*** Source information ***
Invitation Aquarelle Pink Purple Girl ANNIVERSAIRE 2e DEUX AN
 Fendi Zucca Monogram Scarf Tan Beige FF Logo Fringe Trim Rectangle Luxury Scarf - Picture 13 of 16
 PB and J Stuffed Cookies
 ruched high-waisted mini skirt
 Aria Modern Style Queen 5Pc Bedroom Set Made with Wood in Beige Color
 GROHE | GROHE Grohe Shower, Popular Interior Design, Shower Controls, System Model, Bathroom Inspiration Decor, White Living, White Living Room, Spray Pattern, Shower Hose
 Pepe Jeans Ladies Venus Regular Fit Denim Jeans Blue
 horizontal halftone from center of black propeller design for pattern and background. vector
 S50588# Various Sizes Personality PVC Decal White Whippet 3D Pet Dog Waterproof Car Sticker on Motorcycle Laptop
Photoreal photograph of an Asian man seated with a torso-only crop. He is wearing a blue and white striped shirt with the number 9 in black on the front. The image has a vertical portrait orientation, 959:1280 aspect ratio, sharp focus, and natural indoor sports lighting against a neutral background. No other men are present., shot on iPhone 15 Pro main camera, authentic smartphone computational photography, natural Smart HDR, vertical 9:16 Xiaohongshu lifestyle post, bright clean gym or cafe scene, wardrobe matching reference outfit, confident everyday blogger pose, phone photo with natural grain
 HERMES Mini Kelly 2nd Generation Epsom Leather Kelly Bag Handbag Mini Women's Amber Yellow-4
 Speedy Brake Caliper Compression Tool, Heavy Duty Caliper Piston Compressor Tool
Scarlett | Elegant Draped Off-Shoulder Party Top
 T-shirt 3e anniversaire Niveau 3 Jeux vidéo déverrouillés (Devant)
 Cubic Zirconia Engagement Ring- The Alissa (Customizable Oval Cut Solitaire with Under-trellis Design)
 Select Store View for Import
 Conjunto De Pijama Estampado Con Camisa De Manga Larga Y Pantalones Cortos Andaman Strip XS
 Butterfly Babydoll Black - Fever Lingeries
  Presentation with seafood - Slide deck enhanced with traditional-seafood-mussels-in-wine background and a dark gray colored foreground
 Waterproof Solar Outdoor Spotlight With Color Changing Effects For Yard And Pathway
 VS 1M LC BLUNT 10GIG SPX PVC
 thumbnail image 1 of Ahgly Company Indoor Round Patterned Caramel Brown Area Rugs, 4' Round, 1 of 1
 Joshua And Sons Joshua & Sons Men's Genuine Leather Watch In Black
*** End of Source information ***
What needs to be done: Everything from the first line of the data through the line containing "S50588# Various Sizes" should be echoed exactly. Add nothing.

Output below:
Invitation Aquarelle Pink Purple Girl ANNIVERSAIRE 2e DEUX AN
 Fendi Zucca Monogram Scarf Tan Beige FF Logo Fringe Trim Rectangle Luxury Scarf - Picture 13 of 16
 PB and J Stuffed Cookies
 ruched high-waisted mini skirt
 Aria Modern Style Queen 5Pc Bedroom Set Made with Wood in Beige Color
 GROHE | GROHE Grohe Shower, Popular Interior Design, Shower Controls, System Model, Bathroom Inspiration Decor, White Living, White Living Room, Spray Pattern, Shower Hose
 Pepe Jeans Ladies Venus Regular Fit Denim Jeans Blue
 horizontal halftone from center of black propeller design for pattern and background. vector
 S50588# Various Sizes Personality PVC Decal White Whippet 3D Pet Dog Waterproof Car Sticker on Motorcycle Laptop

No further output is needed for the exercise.